— REQUIREMENT —
Keep the images out and set the listing below down word for word.

- - - -

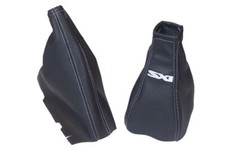 Gear & Handbrake Gaiter For Vauxhall Corsa C 2000-06 Leather "SXI" White Logo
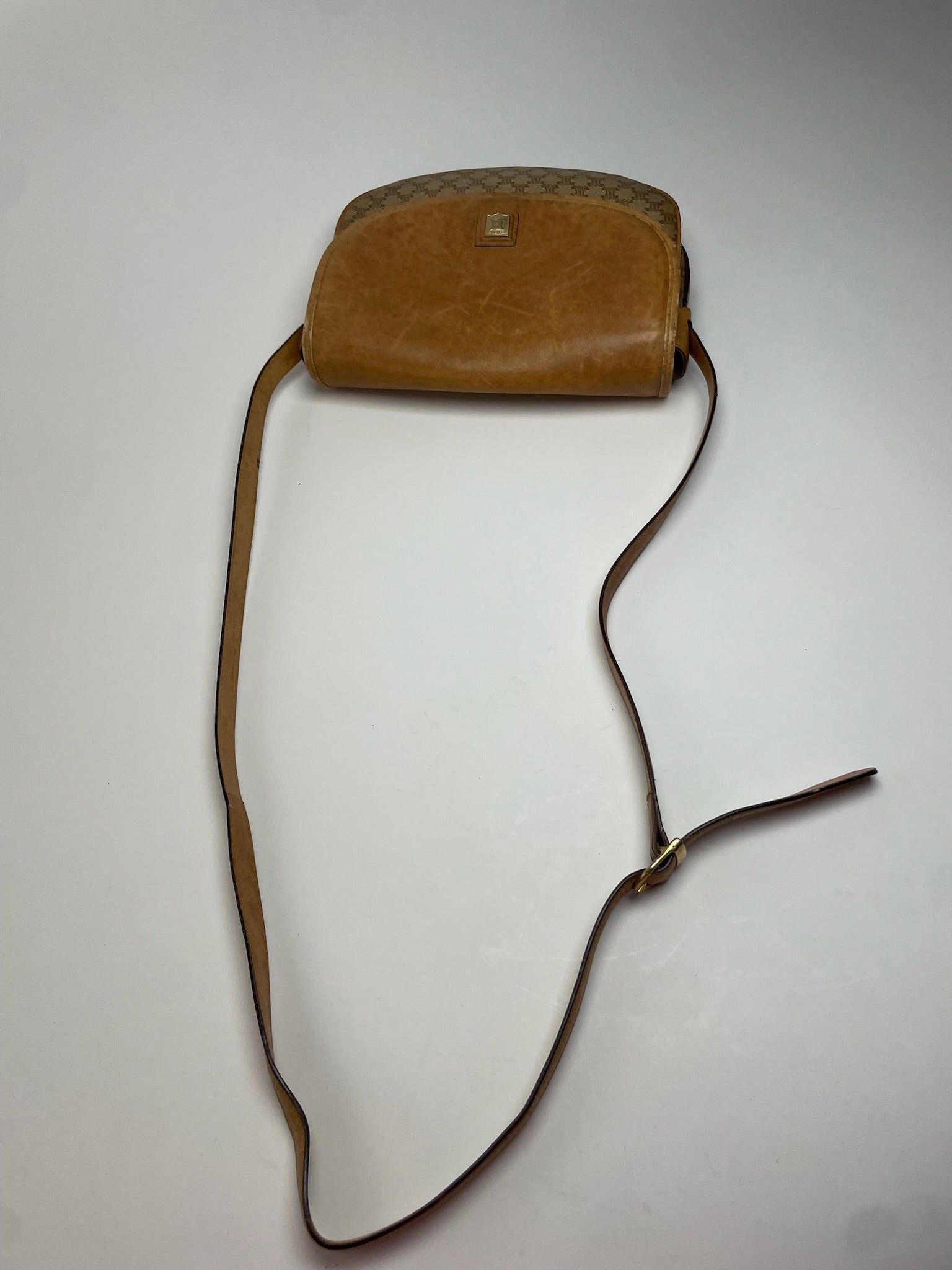 Celine Vintage Monogram leather Shoulder Bag beige Brown Size ONE SIZE - 8 Thumbnail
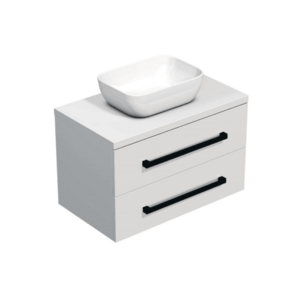 Koupelnová skříňka s černou úchytkou a krycí deskou SAT Cube Way 80x47, 5x46 cm bílá lesk CUBE46C803BI45 CUBE46C803BI45 obraz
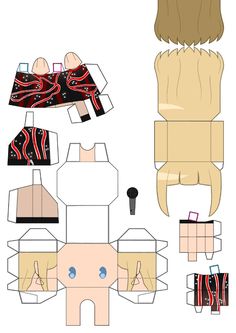 the paper doll is cut out and ready to be put into its own box,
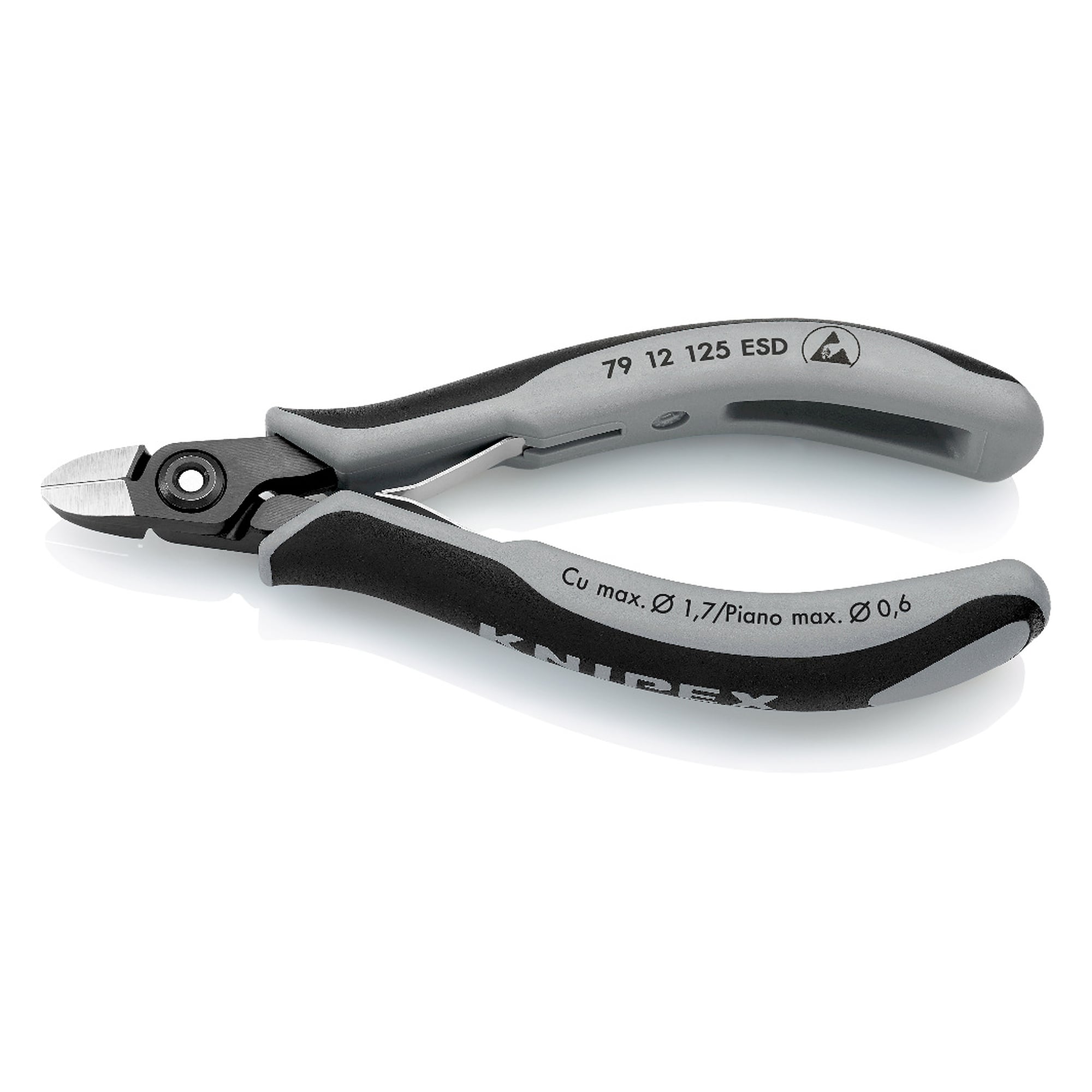 ESD precision electronics diagonal cutter with very small bevel, hard wire up to Ø 1.0 mm, 125 mm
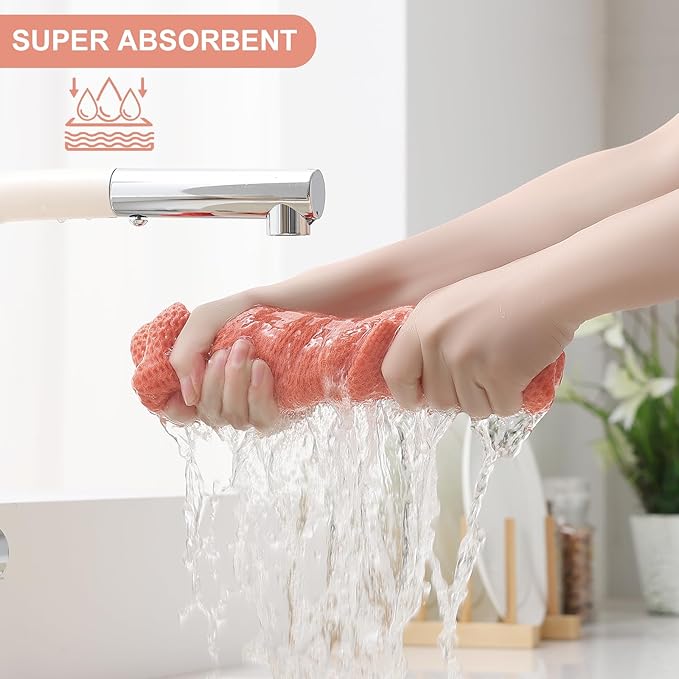 Homaxy 100% Cotton Kitchen Towels and Dishcloths Set, 12 x 12 Inches and 13 x 28 Inches, Set of 8 Bulk Kitchen Towels Set, Ultra Soft Absorbent Dish Cloths for Washing Dishes, Coral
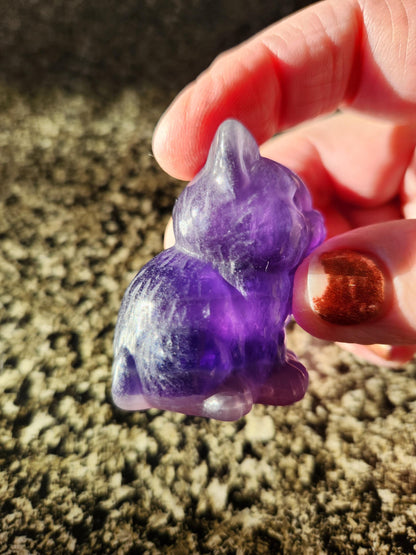 Dark Purple Fluorite Carved Sitting Cat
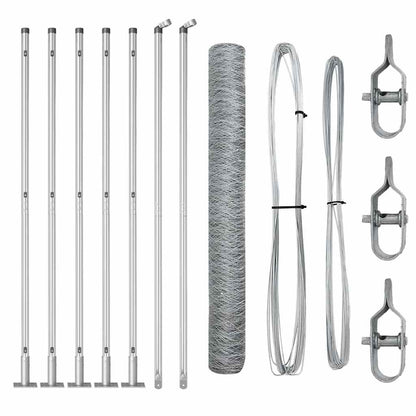 vidaXL Hexagonal Fence with Concrete Base 10 x 1.2 m Galvanised Steel 2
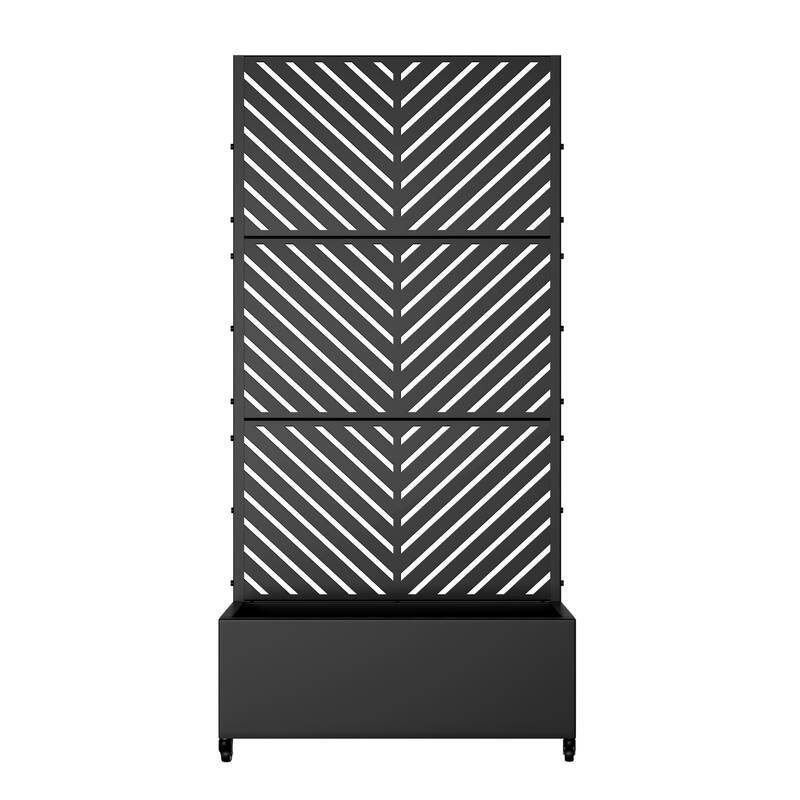 Metal Movable Planter Box with Trellis Privacy Screen Planter Box with Lockable Wheels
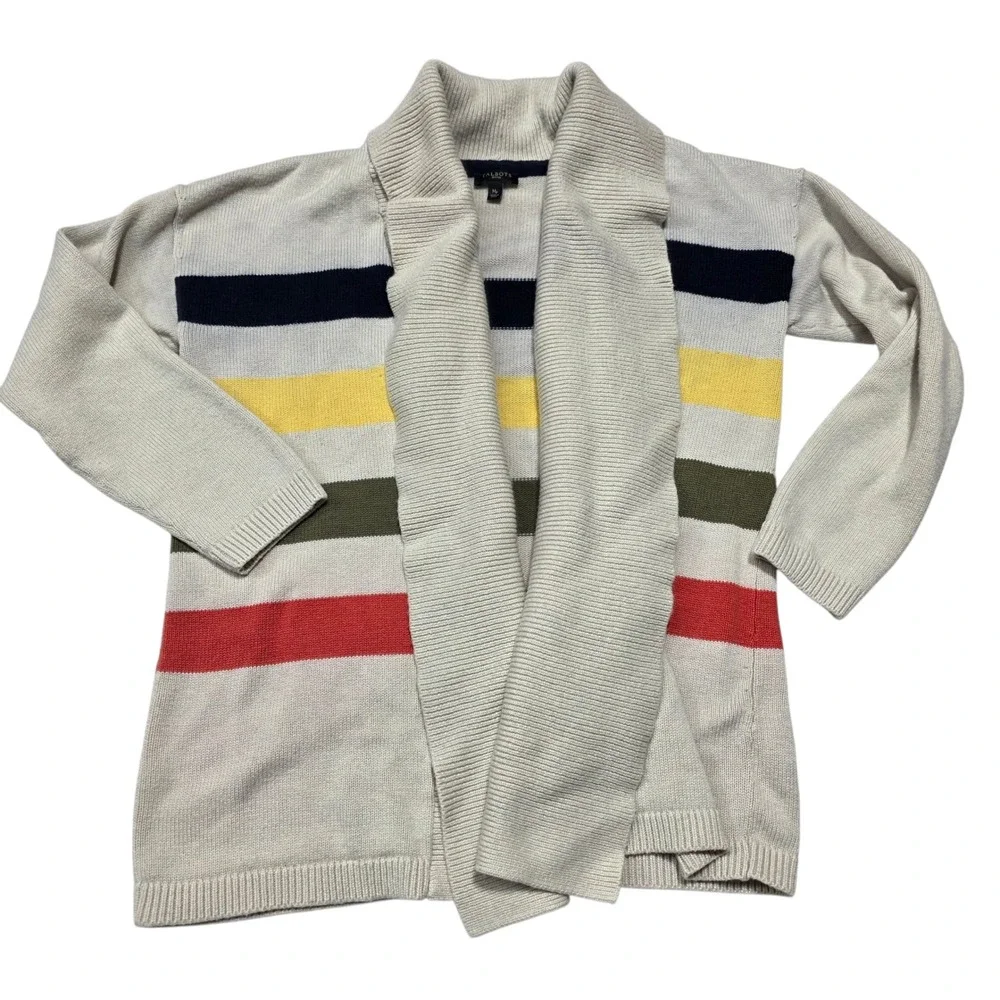 Talbots Striped Shawl Collar Cardigan Sweater Beige Navy Yellow Green Red ‎ MP
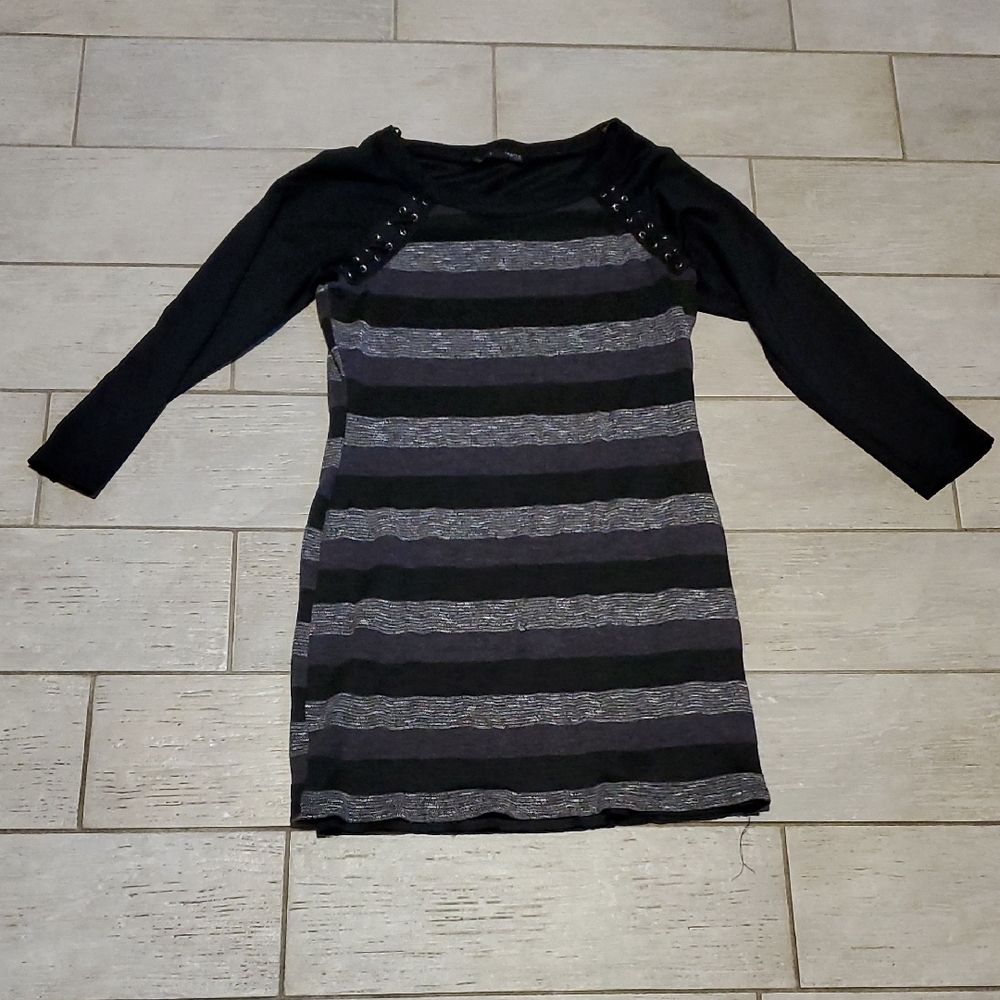 Three Pink Hearts Women's L Midi Dress with Black and Gray Stripes - Picture 1 of 3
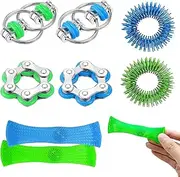 Pack of 8 Anti-Stress Toy Finger Toy, Shiatsu Rings, Fidget Toy, Stress Rings, Anxiety Relief, Finger Massage Rings, Suitable for Adults and Children to Relieve Stress
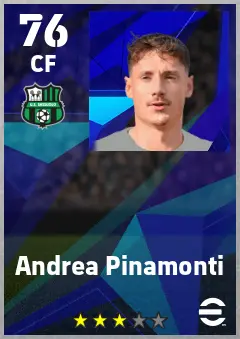 Andrea Pinamonti eFootball 2026 player card — 76 OVR CF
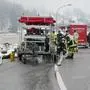 06.12.2020, Oesterreich, Nussdorf/Debant, , Feuerwehreinsaetze, Im Bild die Grosspumpe der Feuerwehr - Brunner Images 2020, Foto: Brunner Images / Philipp Brunner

- - - -

— EXERCISE ANSWER —
 Gear & Handbrake Gaiter For Vauxhall Corsa C 2000-06 Leather "SXI" White Logo
 Celine Vintage Monogram leather Shoulder Bag beige Brown Size ONE SIZE - 8 Thumbnail
 Koupelnová skříňka s černou úchytkou a krycí deskou SAT Cube Way 80x47, 5x46 cm bílá lesk CUBE46C803BI45 CUBE46C803BI45 obraz
 the paper doll is cut out and ready to be put into its own box,
 ESD precision electronics diagonal cutter with very small bevel, hard wire up to Ø 1.0 mm, 125 mm
 Homaxy 100% Cotton Kitchen Towels and Dishcloths Set, 12 x 12 Inches and 13 x 28 Inches, Set of 8 Bulk Kitchen Towels Set, Ultra Soft Absorbent Dish Cloths for Washing Dishes, Coral
 Dark Purple Fluorite Carved Sitting Cat
 vidaXL Hexagonal Fence with Concrete Base 10 x 1.2 m Galvanised Steel 2
 Metal Movable Planter Box with Trellis Privacy Screen Planter Box with Lockable Wheels
 Talbots Striped Shawl Collar Cardigan Sweater Beige Navy Yellow Green Red ‎ MP
 Three Pink Hearts Women's L Midi Dress with Black and Gray Stripes - Picture 1 of 3
 Pack of 8 Anti-Stress Toy Finger Toy, Shiatsu Rings, Fidget Toy, Stress Rings, Anxiety Relief, Finger Massage Rings, Suitable for Adults and Children to Relieve Stress
 Andrea Pinamonti eFootball 2026 player card — 76 OVR CF
 06.12.2020, Oesterreich, Nussdorf/Debant, , Feuerwehreinsaetze, Im Bild die Grosspumpe der Feuerwehr - Brunner Images 2020, Foto: Brunner Images / Philipp Brunner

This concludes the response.